FIGS. 4 and 5 show transport connections that are established in the IP network 42 to enable signaling transactions to be carried out among the A adapters 48 and P adapters 38. As shown, data connections 52 are created between each P adapter 38 and A adapter 48 of the same type, i.e., between each TCAP P adapter 38 and each TCAP A adapter 48, etc. These connections are established, torn down, and otherwise managed by a connectivity manager, which is shown as a centralized connectivity manager 54 in FIG. 4. Control connections 56 carry signaling messages between the connectivity manager 54 and the various adapters 38 and 48 for establishing the data connections 52. The centralized connectivity manager 54 may reside on a separate node (not shown) in the IP network 42 (FIG. 3). FIG. 5 shows how the connectivity manager can be “distributed” as separate resource allocation components 58 residing within the P nodes 32 and A nodes 44 themselves. When a distributed connectivity manager is employed, the P nodes 32 and A nodes 44 are registered at a central registration manager 60, but otherwise perform the connectivity management functions in a distributed manner among themselves.
 Whether centralized or distributed, the connectivity manager performs a number of functions, including provisioning or configuring the various adapters 38 and 48 and allocating resources for transactions. An adapter 38 or 48 initiates a transaction by querying the connectivity manager through a control channel 56. The connectivity manager responds by allocating a counterpart adapter (such as P adapter 38 for a transaction initiated by an A adapter 48 and vice-versa) and a data connection 52 for the transaction. Upon completion of the transaction, the initiating adapter notifies the connectivity manager to enable the resources to be de-allocated, thereby becoming available for allocation to subsequent transactions.

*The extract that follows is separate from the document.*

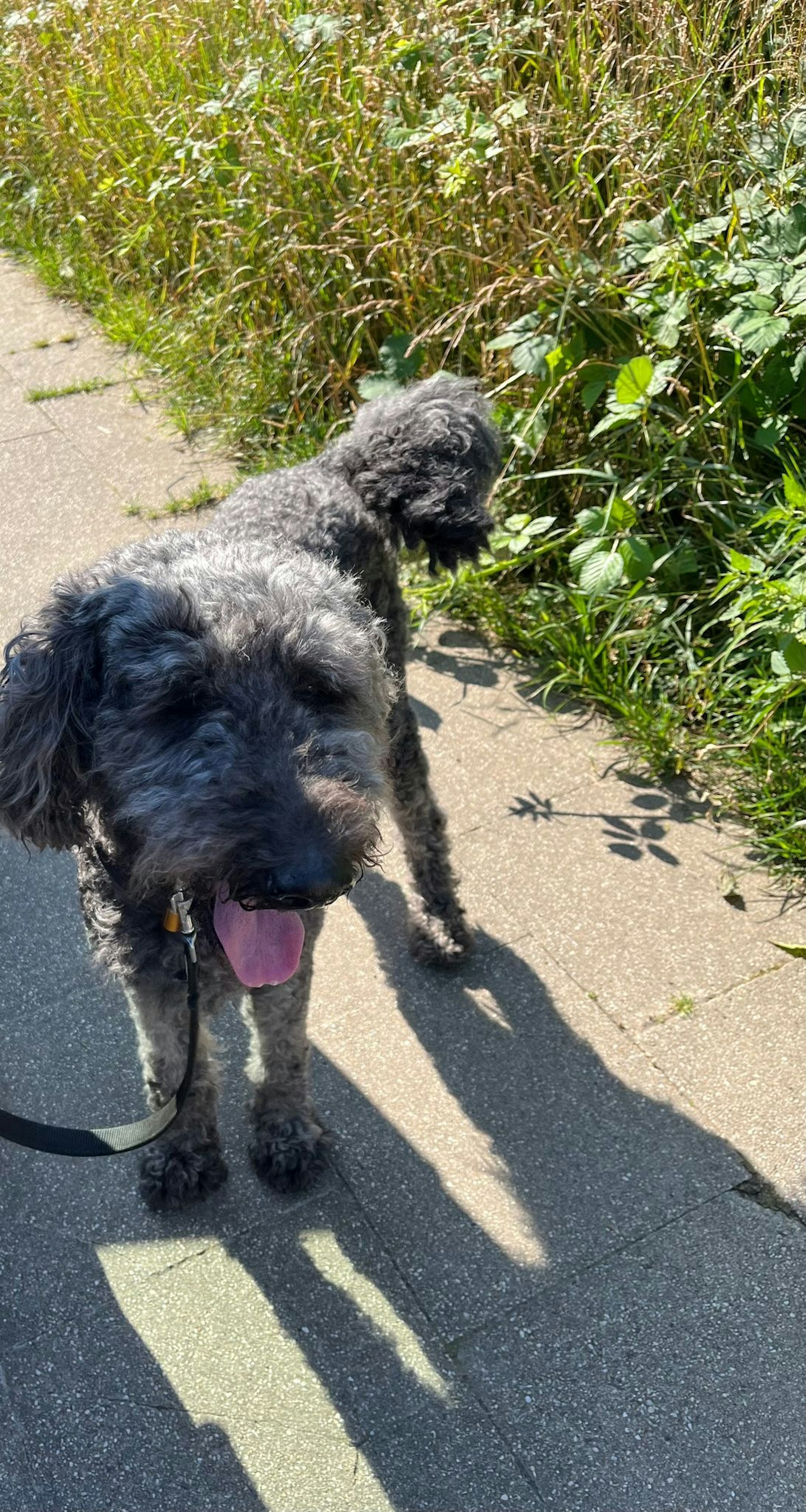 Der Hund wurde von der Polizei aus einem überhitzten Auto gerettet.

FIG. 6 shows the structure of the connectivity manager. For each adapter 38 and 48 to which the connectivity manager connects, there is a corresponding output handler 62 and output handler 64. Messages received from an adapter 38 or 48 are initially processed by the associated input handler 64 and then provided to either a task assignment queue 66, an error queue 68, or a link status queue 70, as dictated by the message contents. A task assignment handler 72 is responsible for receiving transaction requests, allocating resources, and communicating with transaction participants to enable the transaction to proceed. Messages generated by the task assignment handler 72 that are intended for an adapter 38 or 48 are placed in an adapter queue 74 for the adapter output handler 62 associated with the destination adapter. A link status handler 76 is responsible for detecting problems in establishing or maintaining connections, and along with the adapter input handler 64 deposits messages in the error queue 68. An error handler 78 performs error reporting and, when possible, error recovery procedures, which in some cases includes generating messages and placing them in the appropriate adapter queue 74 for delivery to an adapter 38 or 48.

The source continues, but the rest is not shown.